La vie de G, à Orthez
- francoishada
- 16 juin 2024
- 3 min de lecture
Je n'ai jamais su quoi faire dans la vie. J'ai laissé la vie choisir pour moi. Je suis serveuse depuis 1984. Pas par choix. Je venais d'avoir mon CAP coiffeuse dame (pas par choix non plus).
J'ai connu mon futur mari qui tenait un bar PMU en gérance et me suis retrouvée naturellement derrière le bar.
Ça fait donc 32 ans que j'exerce ce métier. J'ai appris à l'apprécier. J'aime le travail bien fait. Mais je l'ai subi pendant 22 ans, parce que je subissais aussi mon mari. Jusqu'à ce que je le quitte.

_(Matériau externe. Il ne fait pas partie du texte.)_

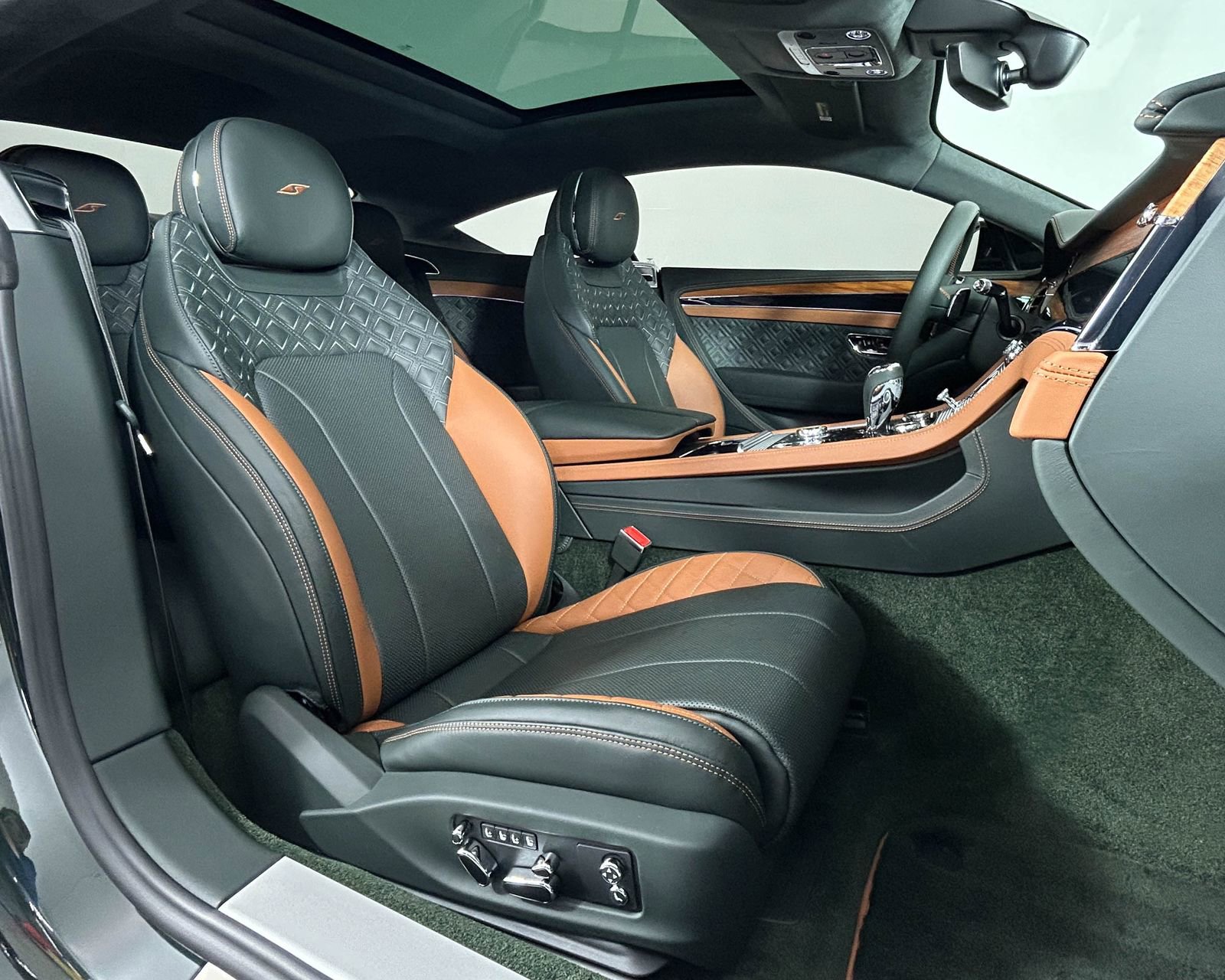 Used 2024 Bentley Continental GT V8 image 31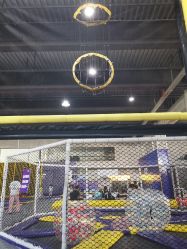 -AP爱蹦哒口袋屋蹦床公园(米房店)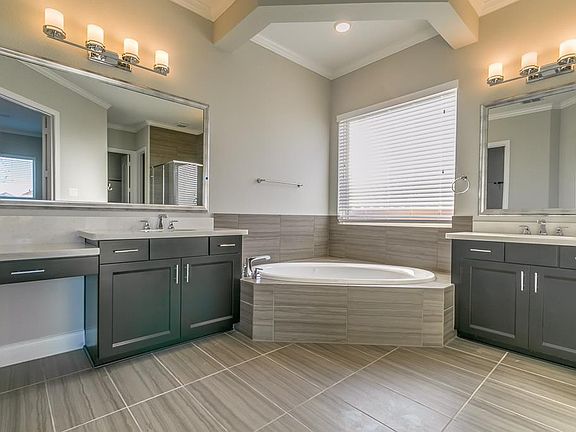 4th image of 28318 Vineyard Terrace Ln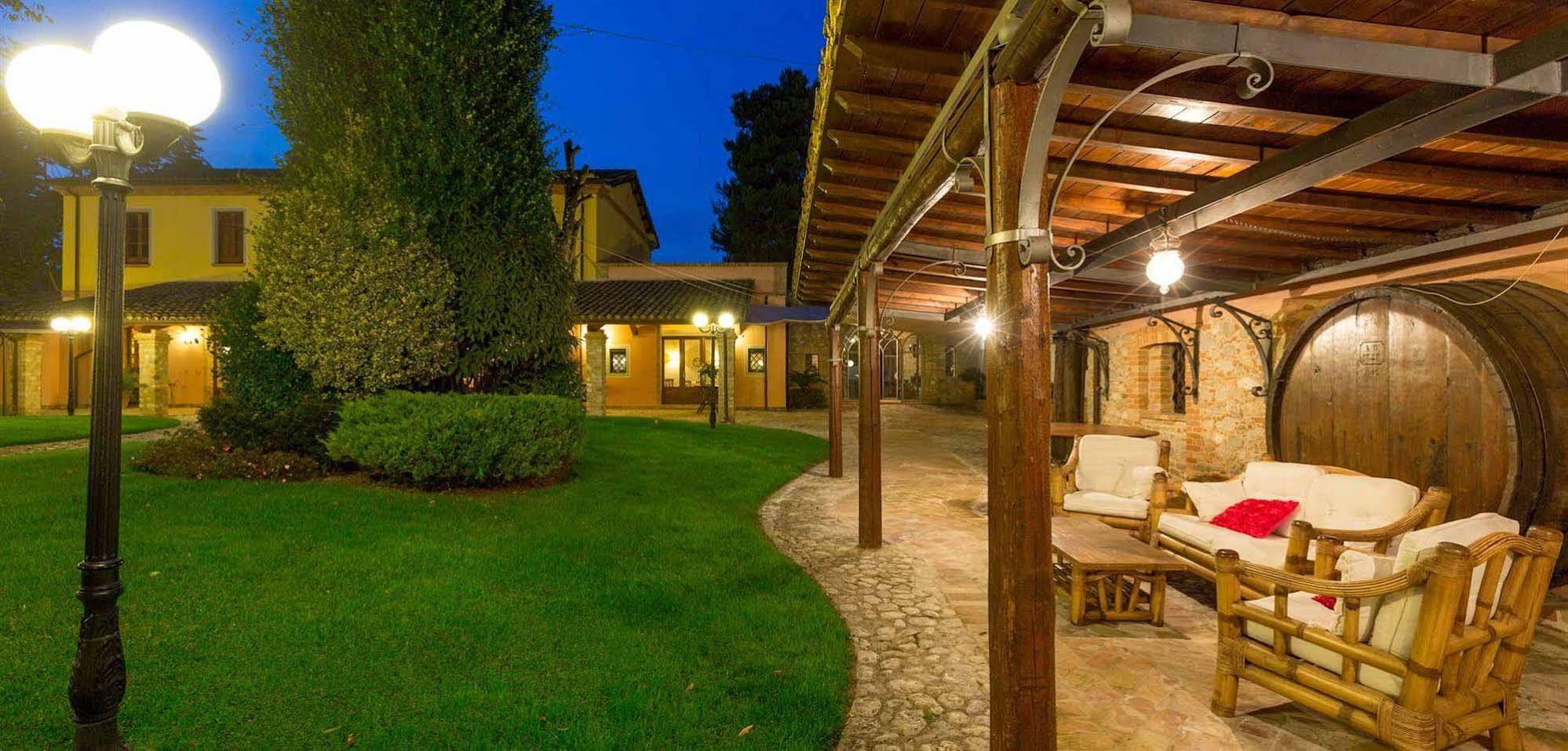 Corte Dei Tini Villa Vomano ภายนอก รูปภาพ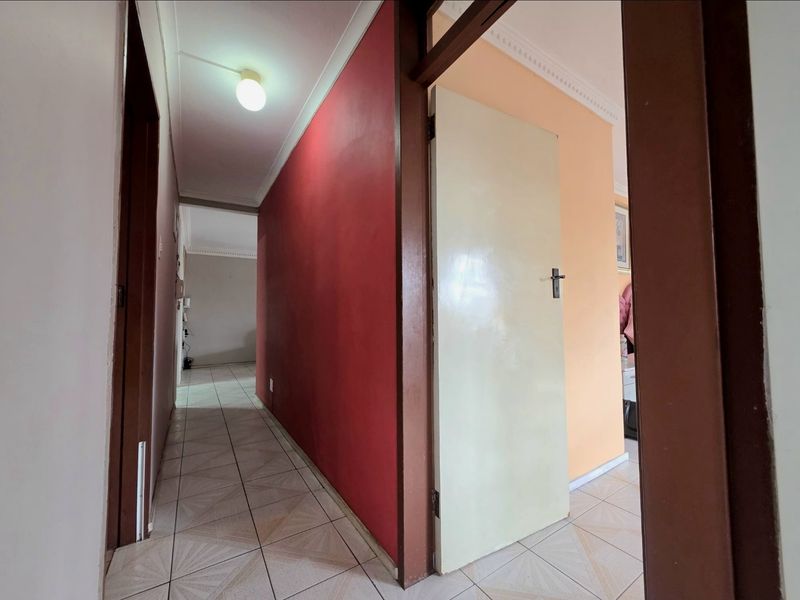 Spacious 4-Bedroom Family Residence Offering Comfort, Security & Sustainability!!!! - Photo 4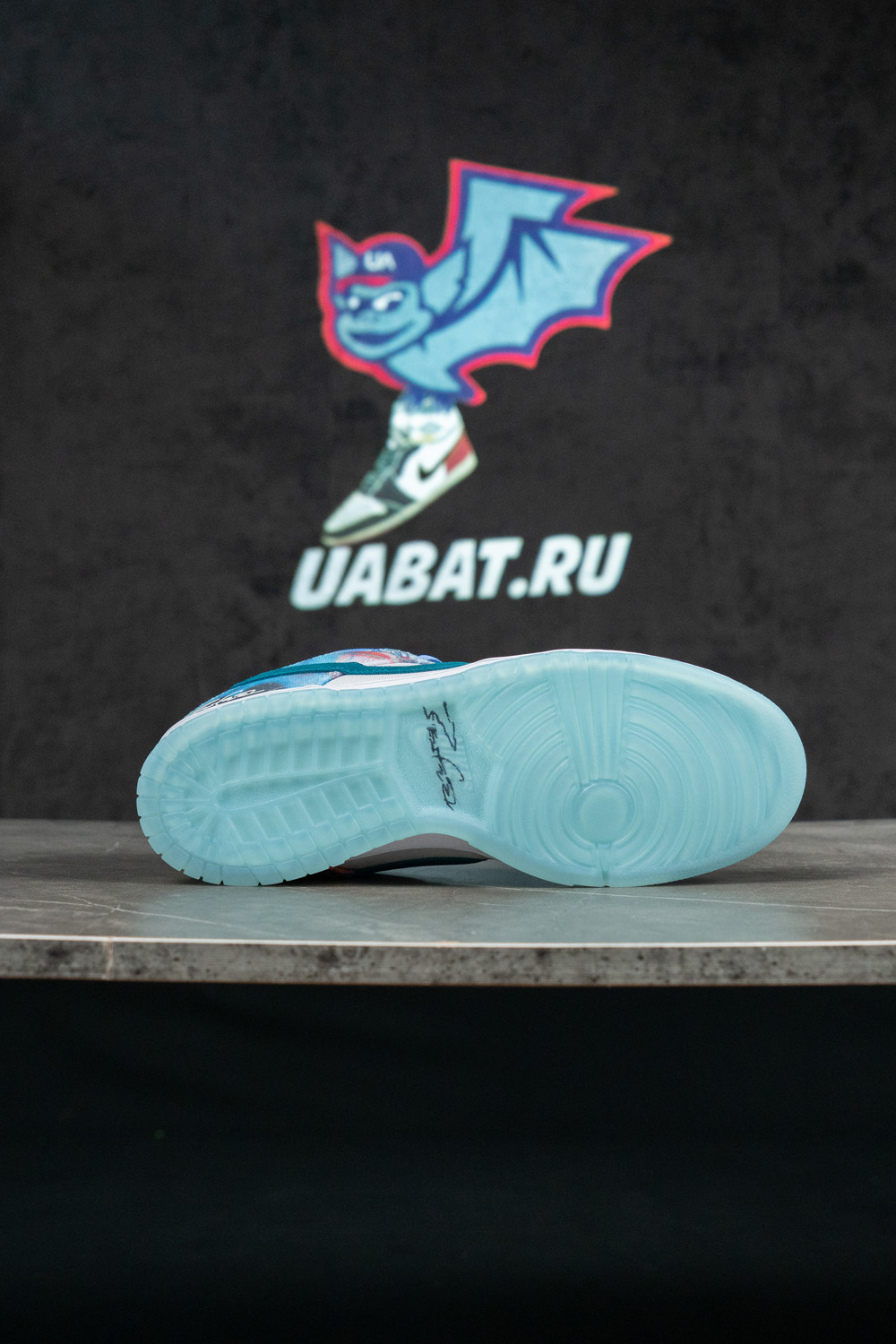 Futura Laboratories x Dunk Low SB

J'ai alors tout naturellement cherché un emploi de serveuse, vu que c'est tout ce que je sais faire et que je le fais bien. J'ai un bon contact avec les gens. J'aime me définir comme "picologue". J'aime me faire adopter par les plus réfractaires.
Je suis donc passée de conjoint collaboratrice à employée. J'ai commencé à cotiser à 40 ans. Je suis passé de 12 heures / jour 7/7j 365j "au gratos" à 39h/semaine avec 5 semaines de congés payés par an!
Pour être exacte, il me semble que les cotisations obligatoires pour les conjoints ont débuté en 2005. J'ai quitté mon mari en 2006. Et le 06/06/06 je devenais employée!
J'avoue que j'étais un peu perdue au début, de me retrouver avec tout ce temps libre où je n'avais plus qu'à m'occuper de moi-même...
Les heures supplémentaires défiscalisées m'ont permis de gagner un peu plus, la mutuelle d'entreprise obligatoire aussi, même lorsqu'elle n'a qu'un seul employé.
Mon patron était un inapte au bonheur, comme mon ex-mari, mais là, je ne le subissais que 39 heures par semaine et j'étais payée! Jusqu'à ce qu'il prenne sa retraite et que je me retrouve licenciée économique, son repreneur n'ayant plus besoin d'employée.
Au chômage à plus de 45 ans, j'avais donc accès à un emploi aidé. Mais si tous les établissements que j'ai approchés étaient intéressés par mon expérience, finalement ils prenaient de "petites jeunes" qui ne savaient souvent même pas faire un café...
Le chômage est destructeur pour l'estime de soi: même en sachant ce qu'on vaut, les refus nous poussent à douter...
Un changement s'est produit à l'arrivée de Nicolas Sarkozy au ministère de l'intérieur : la multiplication des contrôles d'alcoolémie. Il n'y avait plus de bon dieu pour les ivrognes! Et les chiffres d'affaires tombait en chute libre. Les contrôles des Urssaf ont considérablement réduit le travail au noir aussi.
Aujourd'hui, il n'est plus possible de trouver un bar "pur": il faut multiplier les activités (bar loto ou brasserie ou tabac) pour rester rentable.
Ensuite, la création du RSI a fait un mal fou .... et continue de le faire, d'ailleurs. De nos jours, mieux vaut être employé que patron (quand on parle de bons patrons j'entends !).
J'ai la chance d'exercer un métier où les pourboires sont pratiqués (dans la coiffure aussi), ce qui permet d'arrondir les fins de mois .
Je me souviens, au début des années 80, "ils" avaient essayé d'abolir cette pratique, tout au moins de nous obliger à les déclarer.
J'arrive à m'en sortir parce que mes frères et soeurs m'ont donné la maison. Avec 1 000 € de paye, je n'ai pas les moyens de me payer un loyer ni l'essence.
Je me suis rendue compte au fil des années et des collègues successifs, que la conscience professionnelle est une denrée rare. Des fois j'en ai plus que mes patrons ! Mais ça, ça ne s'apprend pas à l'école.